Justiça dos EUA obriga Google a abrir mercado de anúncios a rivais
Juíza federal Leonie Brinkema rejeitou a venda forçada do AdX, mas determinou que o Google compartilhe dados de leilões e integre seu sistema a plataformas concorrentes por seis anos. A decisão mexe com um mercado que movimenta bilhões de dólares em publicidade digital.
Por Otávio Meireles · Repórter de Mercado
O que muda na prática
O Google terá que abrir seu ecossistema de anúncios online a concorrentes pelos próximos seis anos, sob supervisão de um monitor técnico independente com acesso a sistemas e até ao código-fonte da empresa. A determinação é da juíza federal Leonie Brinkema, do Tribunal Distrital dos Estados Unidos em Alexandria, na Virgínia, responsável pelo processo movido pelo Departamento de Justiça (DOJ) americano contra a gigante de tecnologia.
A decisão de remédios, proferida em 2 de setembro e detalhada em uma sentença de 106 páginas tornada pública em 16 de setembro, rejeitou o pedido mais duro do DOJ: a venda forçada do AdX, a bolsa de leilões de anúncios do Google. Em vez de uma desmembração estrutural, Brinkema optou por remédios comportamentais.
Os remédios determinados
Entre as obrigações impostas ao Google estão a criação de integrações via API que conectem o AdX e o DFP (o servidor de anúncios usado por editores) ao Prebid, framework de código aberto usado por concorrentes no mercado de leilões publicitários.
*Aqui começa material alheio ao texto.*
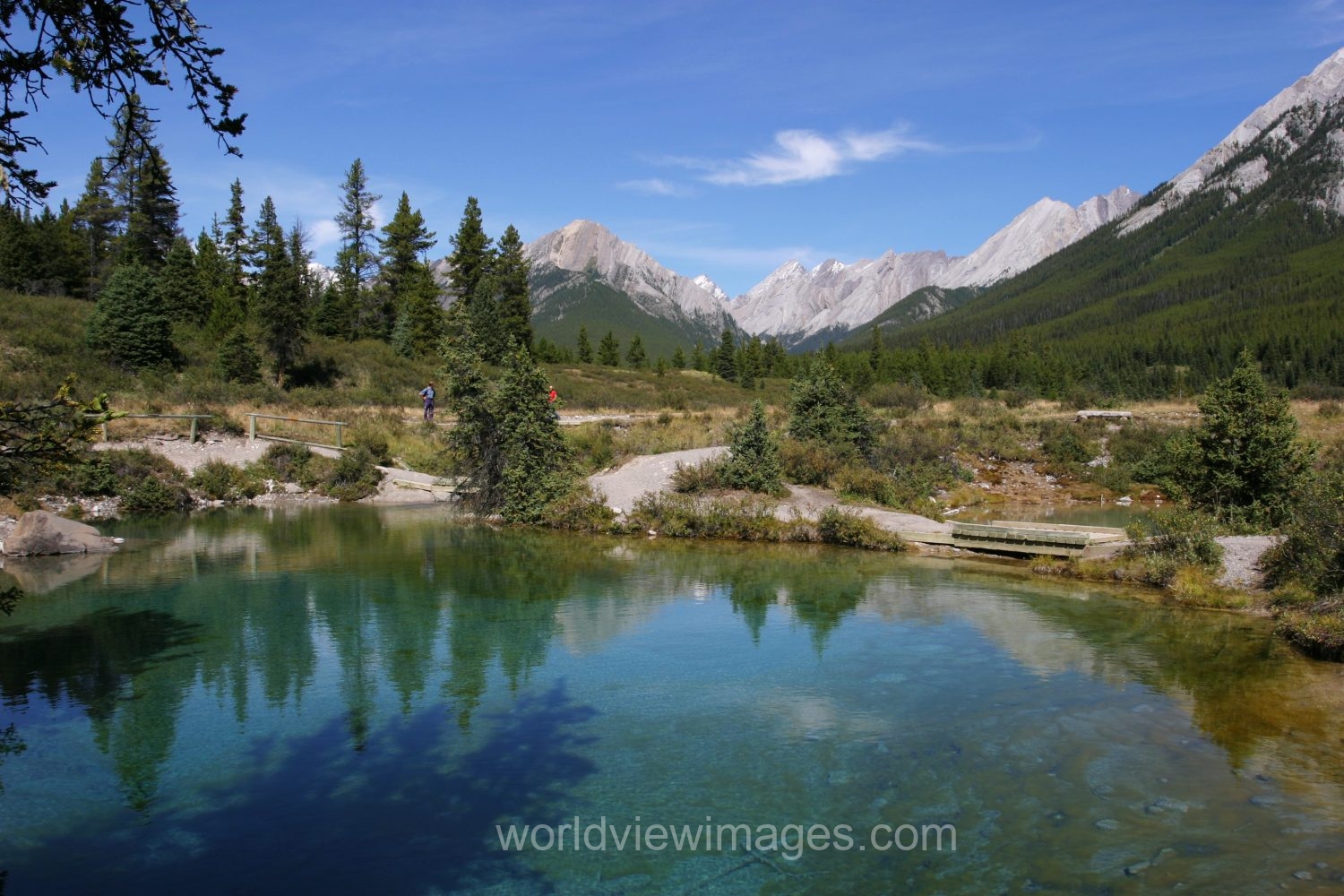 Stock Images of Lakes: Mountain Springs create colorful pond high up in the mountains in Banff National Park, in Alberta Canada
O Google também terá de submeter lances do AdX a servidores de anúncios rivais em termos equivalentes aos que oferece ao próprio DFP, compartilhar com editores dados sobre vitórias e derrotas em leilões, e deixar de favorecer suas próprias ferramentas — como o Google Ads — dentro do DFP.
A decisão de mérito, de abril de 2025, já havia concluído que o Google violou a Lei Sherman ao monopolizar os mercados de servidor de anúncios para editores e de bolsa de anúncios de display na web aberta, além de forçar a venda casada entre os dois produtos.
Quem ganha e quem perde
Segundo dados apresentados pelo governo americano no processo, mais de 13 bilhões de anúncios de display são exibidos por dia na internet, movimentando cerca de US$ 12 bilhões para editores — fatia relevante dessa receita passa pela infraestrutura do Google. Rivais de ad tech como The Trade Desk e Magnite, além de plataformas abertas como o Prebid, devem se beneficiar do acesso mais equilibrado às ferramentas do Google. Editores também ganham mais transparência sobre como seus espaços publicitários são leiloados.
Já o Google sai da disputa sem perder ativos, mas com menos controle sobre um negócio que sustenta boa parte de sua receita de publicidade. A empresa já sinalizou que vai recorrer da decisão, argumentando ter vencido "metade" do caso. As partes tinham até 2 de outubro para apresentar uma proposta conjunta de sentença final à Justiça.